§ SUPPLIED INFORMATION:
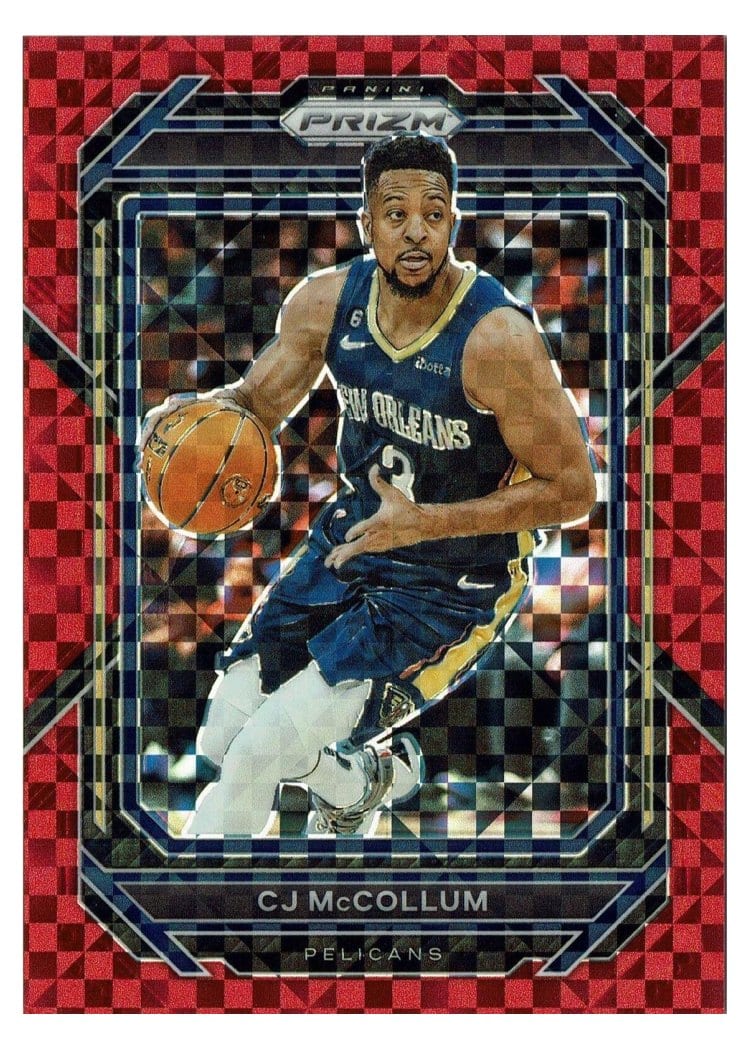 2022-23 Panini Prizm Base Set CJ McCollum #202 card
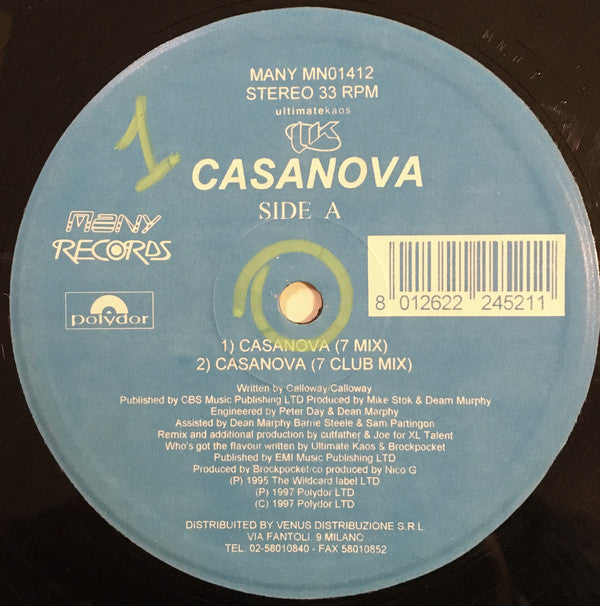 Ultimate Kaos : Casanova (12")
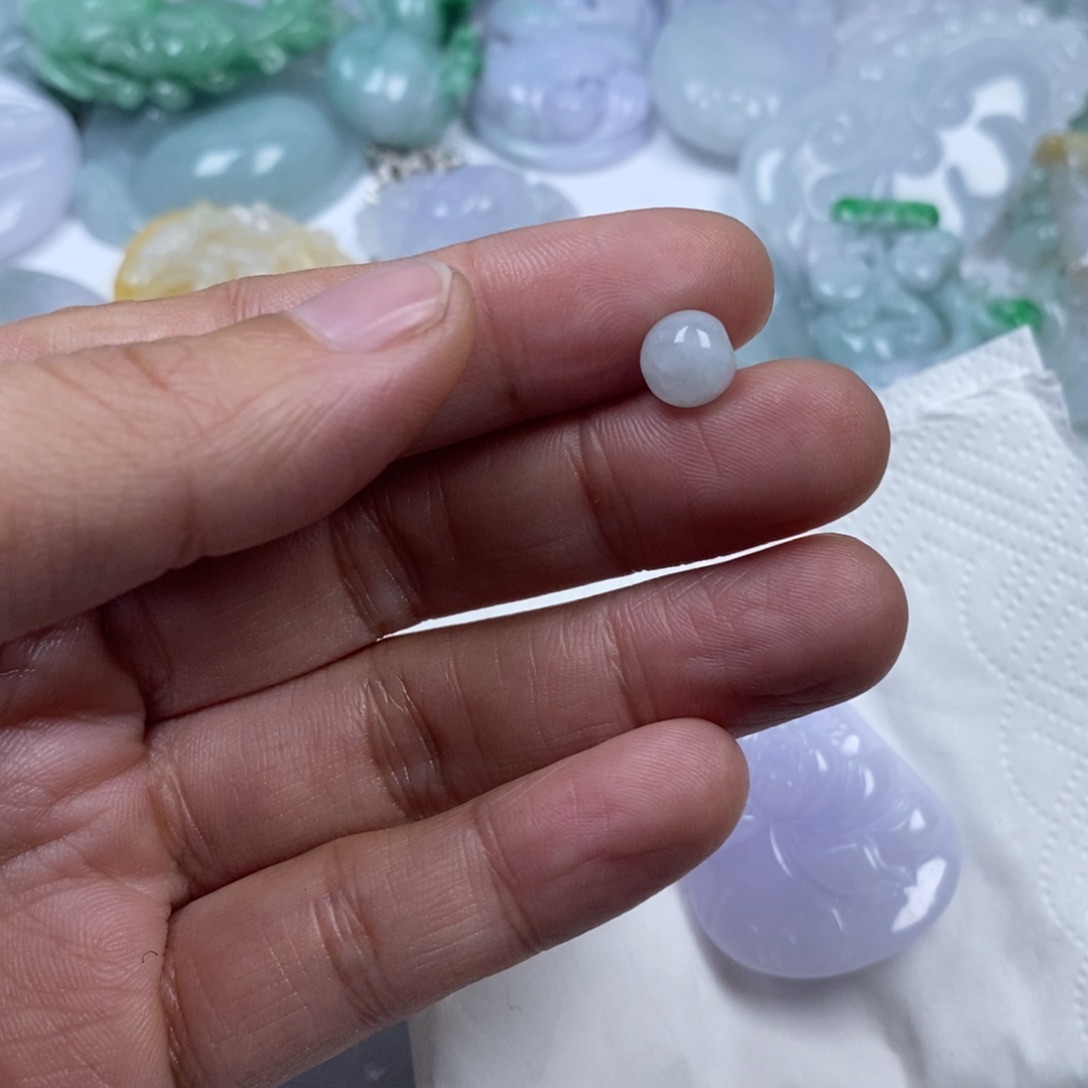 颈饰未镶嵌翡翠纯***炮翡翠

§ WHAT YOU NEED TO DO:
Restate the whole listing word for word. Omit the pictures.

§ YOUR RESPONSE:
 2022-23 Panini Prizm Base Set CJ McCollum #202 card
 Ultimate Kaos : Casanova (12")
 颈饰未镶嵌翡翠纯***炮翡翠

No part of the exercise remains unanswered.